Some think that I come across as desperate. And yes, there is some truth to that. I'm desperate to find the right person, to enter into holy matrimony. I'm desperate to have a family, that I can love and shower with affection. I just know that I'd make a great father and hopefully, at least, a good husband.
I'm desperate to have a life that has meaning, beyond contribution, personal achievement and success, however it is measured. What is the meaning of all this - if I am alone and if I die alone, unnoticed?
And they've all told me this - friends who care enough, to be frank and honest.
And I guess it's here that I have to apologise, not for my effort, but for not being aware enough of how society may perceive my actions. And perhaps, for hurting so many people, with my uncontained zeal.
My intentions were straighforward and although my attempts were manifold and prolific - I never considered the women I've dated, as mere statistics. There was something special about all and each one of them, some attribute or another that I would find attractive and appealing in a wife and if it's any consolation, I'm still on talking terms (or at least, writing terms), with all of them.
But intentions alone are only half the story. Our actions (and the consequences of our actions) speak volumes louder about who we are, to society. Inadvertantly, in society's eyes - I have become a "player", albeit an accidental one.
I don't want to be known as a "player", because I'm not and it keeps away all the good people from knowing me. I just want to be a family man.

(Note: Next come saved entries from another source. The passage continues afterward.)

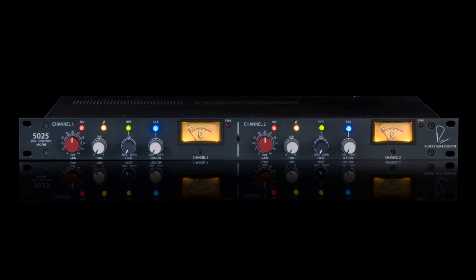The Dual Shelford Mic Pre also features 72 dB of low-noise Class A gain, a sweepable high-pass filter, the company's well-known silk red and blue circuit for two flavors of customizable harmonic saturation, and the Dual Output Level Transformers originally developed for the Shelford channel. The minus 6 dB output from these custom transformers allows the engineer to hit the sweet spot of the output stage more easily, adding rich harmonic character without clipping the next device in the chain.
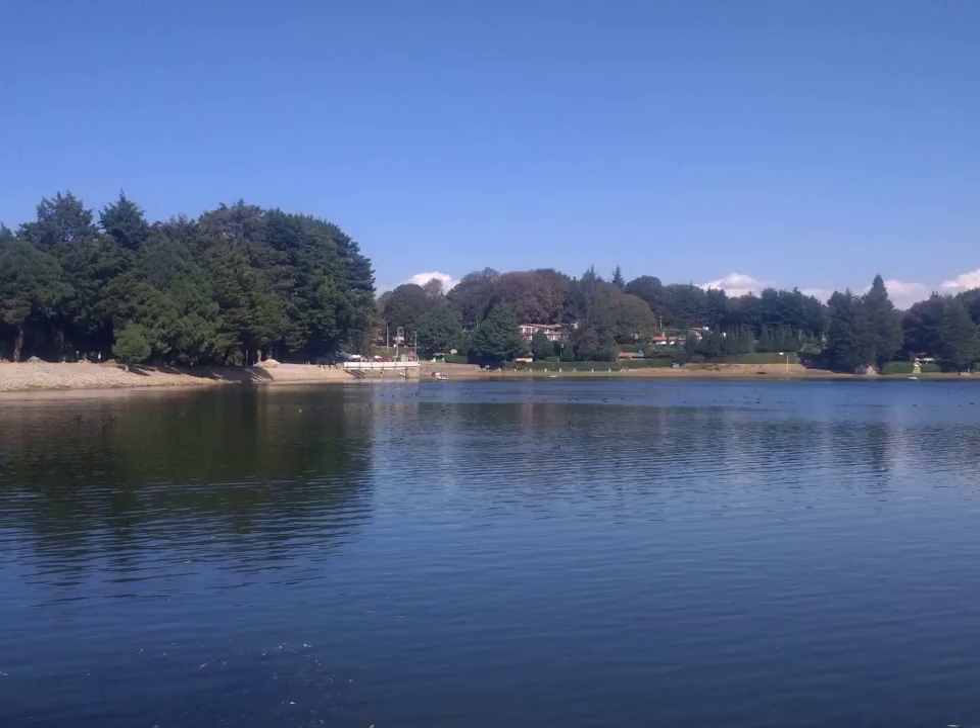Black 7984, also known as Food Black 2 or CI 27755, is a brown to black synthetic diazo dye. It is often used as the tetrasodium salt.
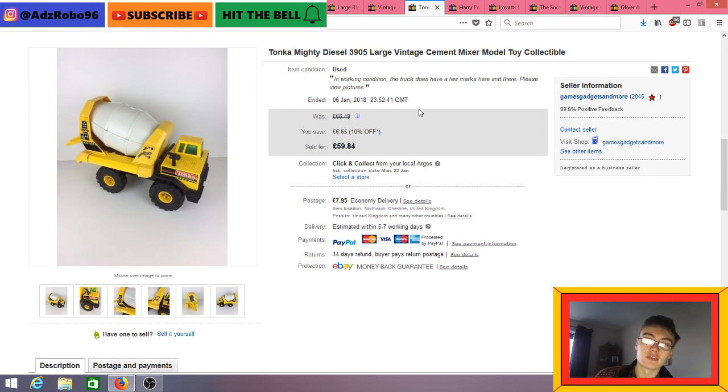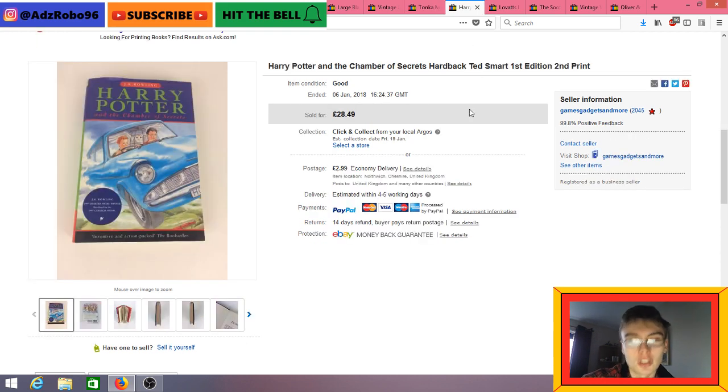The Tonka Mighty Diesel 3905 Cement Mixer sold for £59.84 in the 10% sale, plus postage. I paid £5 plus commission months ago at auction and had been sitting on it for a while. When it sold it made me think — why didn't I just reduce the price two or three months ago to get it gone? There's still fantastic money in that. I'm definitely going to have to look at the pricing of certain items, because maybe I'm pricing a little too high on some things. But I do like to shoot for the moon a little bit.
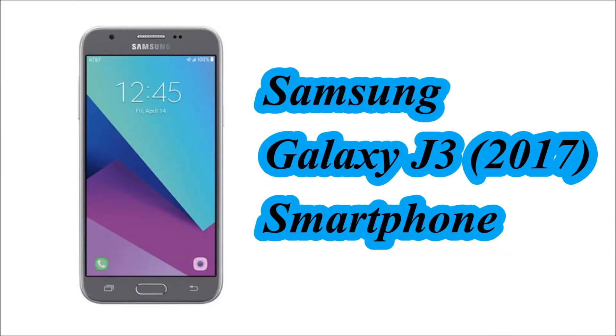Hello Friends! In this video we will see the specification of Samsung Galaxy J3 2017 smartphone.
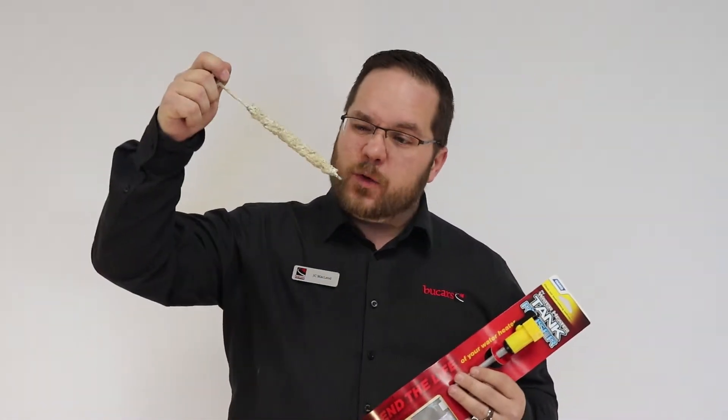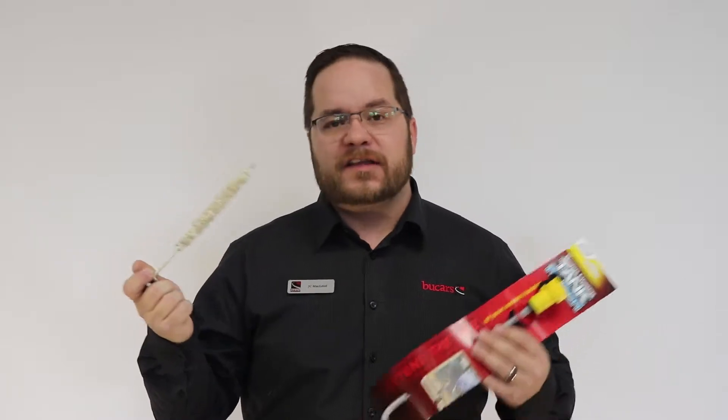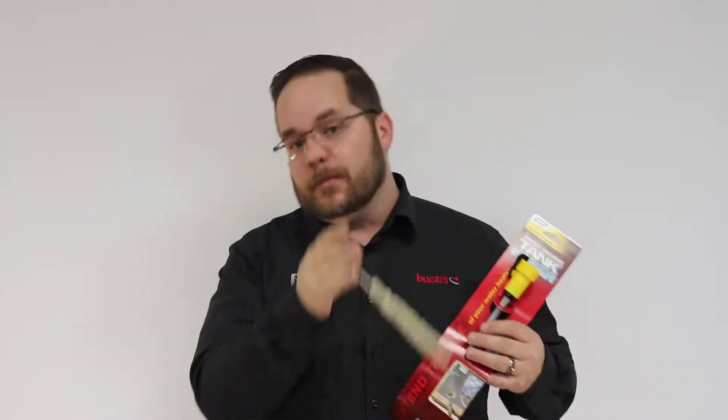Suburban water heaters use an anode rod to take all the corrosive elements out of your water and protect your water heater. The problem is, as your water eats away at the anode rod, a lot of this debris and sediment will settle in the bottom of the tank.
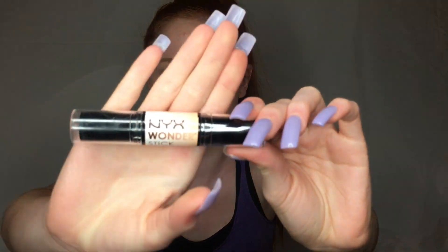Now we're going to be contouring and highlighting. For that I'm going to be using the NYX Wonder Stick, like I did in my contouring and highlighting for beginners video. I'm going to be contouring my nose and around the face just to bronze it up.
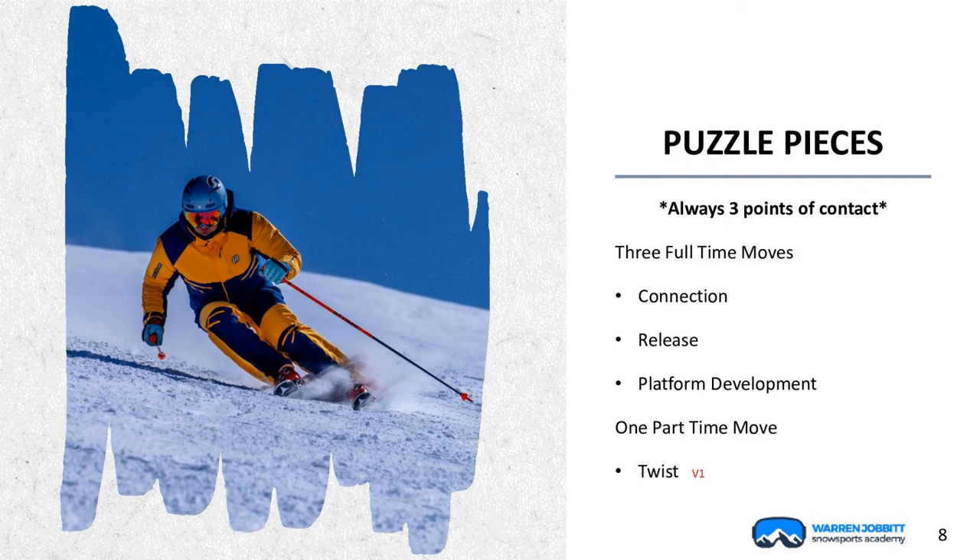In order to have that, we need the picture of the box in our mind — the visual of the puzzle pieces we want to add. First and foremost, we want to have our three points of contact. Then we have moves — I call them our three full-time moves. These are moves that we make all the time, whether it's a bump run, powder, short turns, or long turns. Then we need a connection move to get our balance to the outside ski, a move to release our center of mass from inside our base of support, and a move to create a new platform. Then there's the part-time move: twisting the ski on the surface of the snow — I call it part-time because I don't have to use it all the time.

I'm getting older and I guess I've decided that the current way, is NOT the way I want to live my life. And I make no apologies for it.
But I aim to be more mindful about my future actions and to consider how others would perceive it. We live in a society and although society isn't always right - being a non-conformist individual, should always have its limitations. (Especially, when it leads to a negative moral perception)
Lest we ignore it and allow a mistaken interpretation of our past, to shape a wrongful outcome of our future.